When I first opened The Boy Who Loved Rain, I was unsure if I would like it because I thought the prologue was confusing and the quote from Wikipedia at the beginning of Chapter 1 was silly. I also knew it was written by a pastor, and I wondered if it would be a “Christian” book.
But I’m glad I kept reading because I found much to admire in the novel, and although many of the characters were Christian, I wouldn’t characterize it as “Christian” literature. By the time I got to the end of the book, I felt as if I’d been on a journey with an interesting set of characters, and suddenly the prologue (and the italicized passages interspersed throughout the novel) made sense. In fact, I went back and reread those passages along with the prologue, delighted with my new-found understanding.
What intrigued me the most about The Boy Who Loved Rain was the heartbreaking situation — parents with a troubled child, and secrets of their own. I was immediately invested and wanted to know what would happen to Colom and his parents.
The novel is beautifully written (Gerard Kelly is also a poet), yet with enough twists and turns in the plot to keep me turning pages. If I had been Kelly’s editor, I might have trimmed some of the descriptive passages and deleted the quotes at the beginning of each chapter (in my opinion they detract from the elegance of the novel). Overall, however, The Boy Who Loved Rain is an absorbing family drama written with skill and grace, and because it touches on so many emotional topics (marital problems, child abuse, adoption, suicide, drugs), I think it would make an excellent book club selection.
To see for yourself, order The Boy Who Loved Rain, or fill out the form below for a chance to win your very own free copy! Then scroll down to read a Q&A with the author, Gerard Kelly.
Q & A with Author Gerard Kelly:
A large portion of the novel takes place in a French seaside village called Portivy. Your descriptions of Portivy are so detailed and loving, I feel like you must have spent a lot of time there.
Yes. We first discovered Quiberon and Portivy almost 30 years ago, and have been there on average once a year ever since. Portivy is a very spiritual place for me — I often pray there and have used it more than once as a writing space.
Most of the story is told through the eyes of Miriam, Colom’s mother, and Fiona, Miriam’s friend. What made you decide to write from the perspective of two women, and was that at all a challenge for you?
I’m not actually sure — it just turned out that way. I was raised by women — my father left home when I was 10, my elder brother not long after, so I spent my teenage years hanging out with my mother, two sisters and a couple of favourite aunts. I think I learned without even realising it to appreciate their view on the world. I didn’t intend to write from that perspective, but as the novel unfolded, I found myself more drawn to Fiona and Miriam than to anyone else.

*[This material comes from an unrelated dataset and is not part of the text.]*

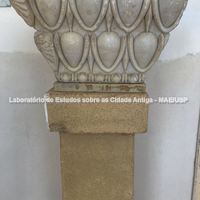 Elemento do Altar Jônico (Armazenada no museu de Paros).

Yes it is a challenge, in the sense that I am scared that women readers will say ’that’s just not how it is!’. So far very few have, which is encouraging.

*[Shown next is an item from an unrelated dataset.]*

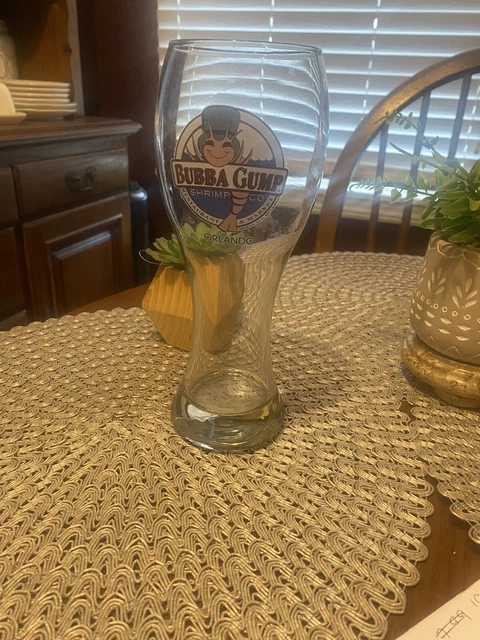 2012 Forrest Gump themed Bubba Gump Shrimp Co orlando BEER GLASS 9" tall Pilsner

Your book touches on so many family issues: adoption, marital problems, child abuse, suicide, drug use. As a pastor, are these issues you have come into contact with while serving your congregation?
We have worked with a lot of young adults over the years, as well as leading church, so yes, we have seen and heard a lot. The novel is definitely fiction, but most of the issues touched on in it come either from my own experience or from events others have shared with me.

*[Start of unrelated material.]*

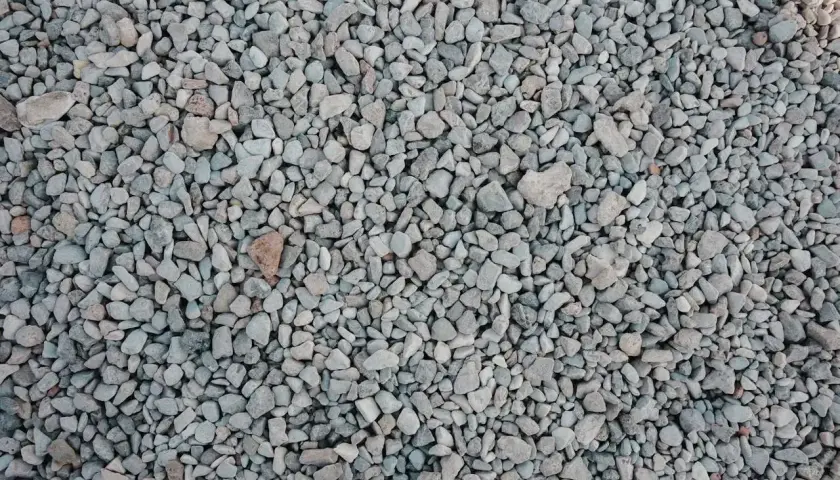 Mnóstwo szarego żwiru, idealnego na podjazd. Zastanawiasz się, ile kosztuje tona żwiru?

To me, The Boy Who Loved Rain would make a great book club selection. If you were to add book club discussion questions to the end of the book, what might one of them be?
I think I would ask, who is the character that most resonates with you and why? Want is it about their journey/development that rings true?
You have written fourteen books… Wow! Tell us about some of them. How does The Boy Who Loved Rain compare to your other books?
Many are in theology/missiology or biblical studies. ‘Rain’ is my first novel. It’s a totally different approach to writing and has been a) frightening and b) pretty much the most satisfying experience of my writing career. I’ve also published three volumes of poetry, one of them in Twitter format — prayers and poems in 140 characters or less.
Is this your first time being a part of a book tour? What other kinds of marketing do you use to spread the word about your books?
Yes it is — it’s been a blast! I try to spend time on Goodreads every now and then just to keep an eye on things, and I love to read and review other people’s books — but that’s about it at the moment.
What’s your favorite piece of writing advice?
Fight for the right to write. If you want to write – or as Dorethea Brande says ‘to become a writer’ – you HAVE to fight against distractions, lethargy, discouragement etc to carve out time to write. You can’t be a writer if you don’t write, and simple as it sounds, that’s the toughest part of the deal.